No, not better and there is only a horse on the front of an 03/04 cobra. come to think of it there is not one place that the oval apears on the exterior.

The only thing better is that you can get them dirt cheap now cause of lack of sales.


----------



## GTO_Newbie (Dec 13, 2004)

idareu said:


> Do you think that yout 04 Gto is better than a 03/04 cobra?
> 
> If so why? arty


Well, for me it was the fact that I had leg and head room in it - not the same with the stang. I also like the fact that the trunk is small so people won't ask me to help them move or carry their luggage


----------



## Tom (Nov 1, 2004)

aniversarysnake said:


> No, not better


Why? Is it the solid axle thing?


----------



## aniversarysnake (Dec 23, 2004)

niether cars have a solid axle...so there is no thing.


----------



## Groucho (Sep 11, 2004)

There's that other thing...what was it again...

Oh, _yeah_. Piss-poor Ford quality.

Union-built crap crates.


----------



## aniversarysnake (Dec 23, 2004)

since when is a muscle car supposed to be refined? The truth is that its not that bad even when you look at the vett and the viper. they both use parts from bottom of the barrel cars like neon and cavalier, and your paying 50,000-80,000 for those. but people don't buy them for those reasons, well at least I don't. this car is scary fast and can only get faster for a realativly low cost.


----------



## Groucho (Sep 11, 2004)

aniversarysnake said:


> since when is a muscle car supposed to be refined? The truth is that its not that bad even when you look at the vett and the viper. they both use parts from bottom of the barrel cars like neon and cavalier, and your paying 50,000-80,000 for those. but people don't buy them for those reasons, well at least I don't. this car is scary fast and can only get faster for a realativly low cost.

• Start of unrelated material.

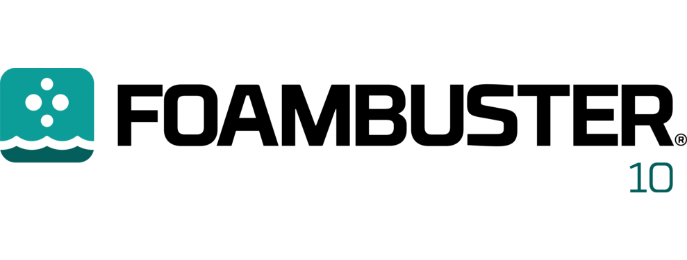 FoamBuster 10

Unlike Ford, who builds a $125k "supercar" and then must recall it due to serious manufacturing and design flaws?

As an aside...I _love_ it when trolls get defensive.

Things like spelling and capitals and common sense and _intelligence_ go *poof*.

Move along, little troll.


----------



## aniversarysnake (Dec 23, 2004)

First I'm not getting defensive, just pointing out some facts. I came here to check out what the whole fuss was with the GTO being so cheap. You have idareu to thank for that. 
As far as the Ford GT is concerend I have not heard any recalls or problems so I cannot comment on that. As for my grammar, well this is a forum and not a paper for my college class but if you need help reading I made it a little better.


----------



## Groucho (Sep 11, 2004)

aniversarysnake said:


> First I'm not getting defensive, just pointing out some facts. I came here to check out what the whole fuss was with the GTO being so cheap. You have idareu to thank for that.
> As far as the Ford GT is concerend I have not heard any recalls or problems so I cannot comment on that. As for my grammar, well this is a forum and not a paper for my college class but if you need help reading I made it a little better.

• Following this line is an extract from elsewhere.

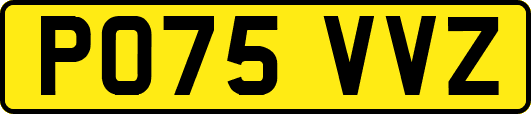 PO75VVZ
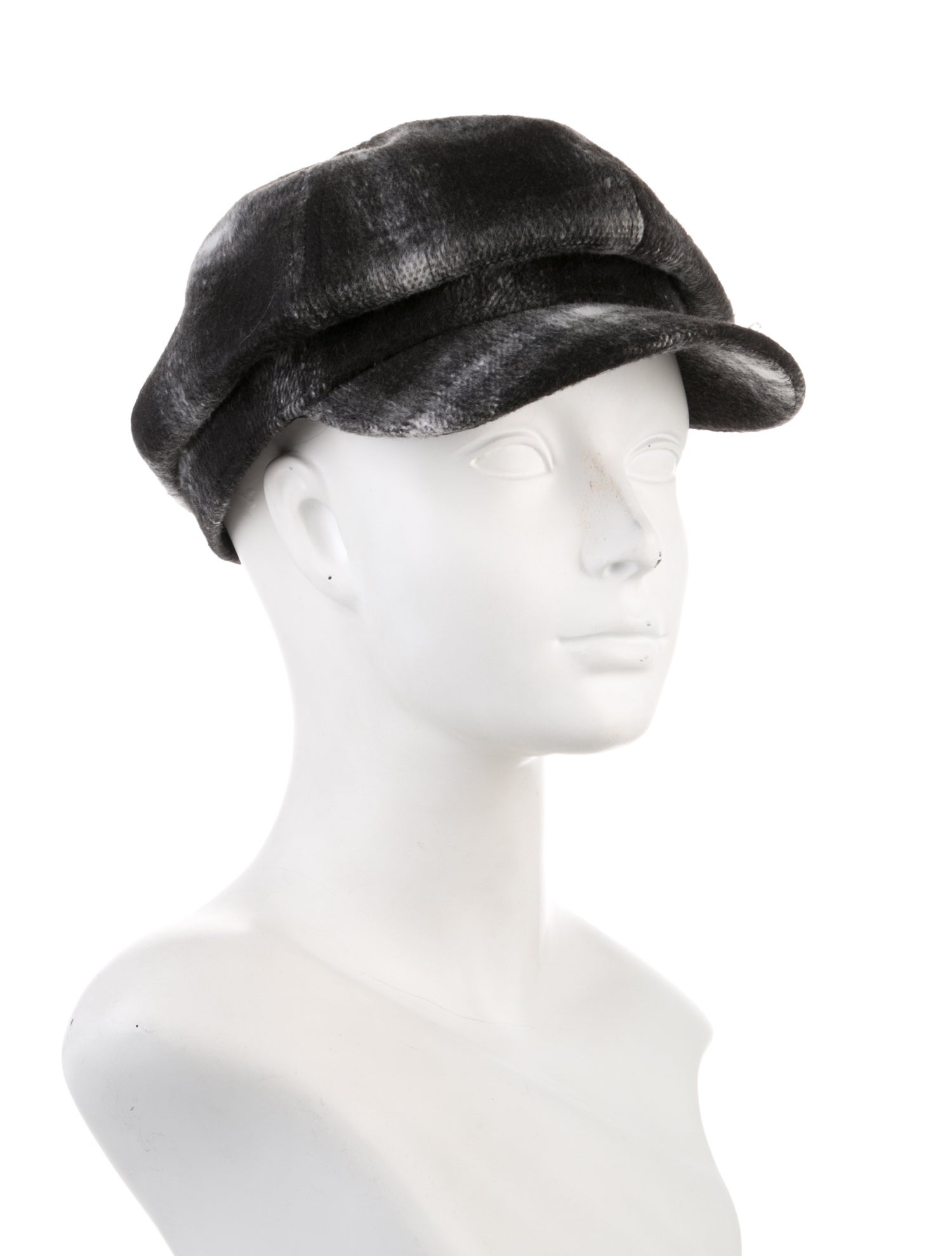 Hatch Hatch Newsboy Cap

Since you obviously have your head inserted in your anus sufficiently far to have very little contact with current events, I've decided to take pity on your ignorance and post the news item on Ford's latest embarrassment.

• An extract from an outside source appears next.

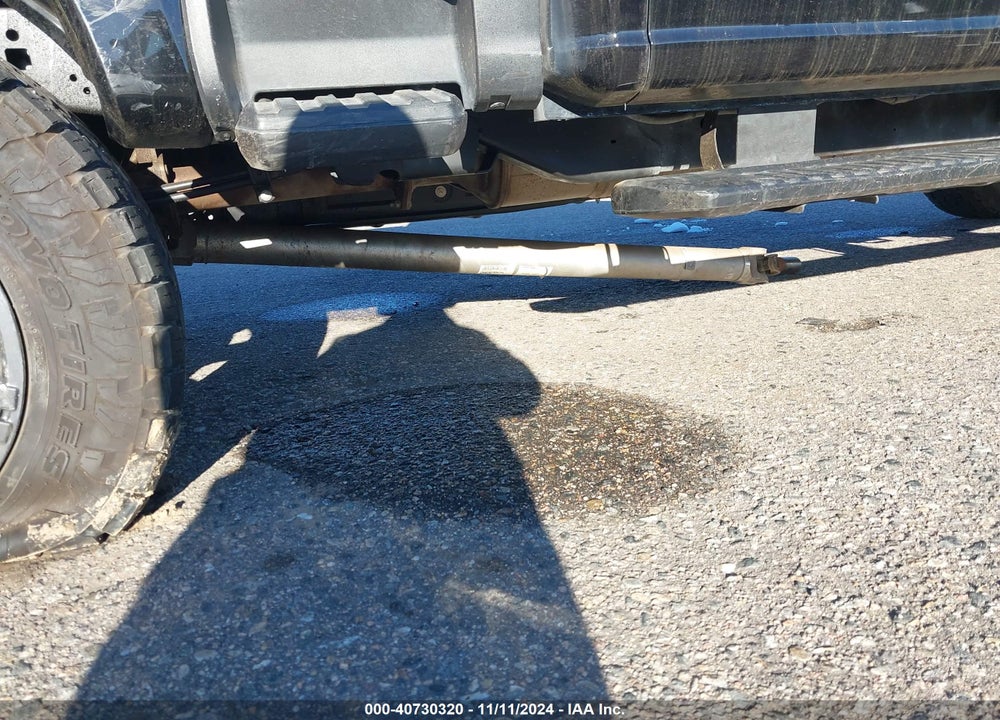 2023 FORD F-250 LARIAT VIN: 1FT8W2BT3PED78704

I'm sure your Daddy's Cobra is a very pretty shade of red. In the future, I'd check downrange before you spew your idiocy, troll.

http://www.blueovalnews.com/2004/recalls/recall.ford.gt.19dec04.htm



> *Ford Tells 2005 GT Owners "Not To Drive Their Vehicle Under Any Circumstances."*
> 
> Robert Lane
> 19 December 2004
> ...


----------



## BigJim (Oct 30, 2004)

The Cobra is a Ford. What more can I say.


----------



## BigJim (Oct 30, 2004)

Oh yea get the hell off the forum you troll!


----------



## aniversarysnake (Dec 23, 2004)

> The Coba is a Ford


WTF is a Coba? You mean Cobra.



> Since you obviously have your head inserted in your anus sufficiently far to have very little contact with current events, I've decided to take pity on your ignorance and post the news item on Ford's latest embarrassment.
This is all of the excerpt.